▶ _TASK TO COMPLETE_
Starting with the line that contains "2011 Ford Fiesta SES" and stopping after the line that contains "Used 2020 MAZDA", return each line below exactly as written, with no others.

▶ _DATA RECORDS_
□ □ □ □ □
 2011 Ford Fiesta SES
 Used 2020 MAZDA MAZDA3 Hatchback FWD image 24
□ □ □ □ □
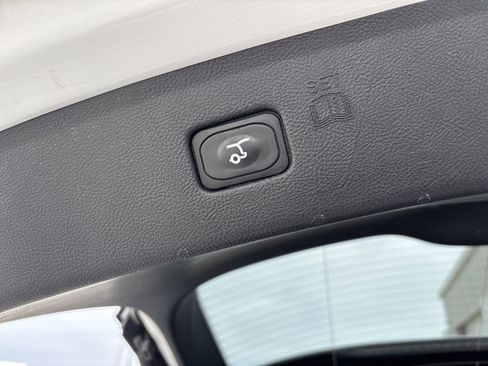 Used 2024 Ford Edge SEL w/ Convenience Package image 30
□ □ □ □ □
▶ _YOUR RESPONSE_
 2011 Ford Fiesta SES
 Used 2020 MAZDA MAZDA3 Hatchback FWD image 24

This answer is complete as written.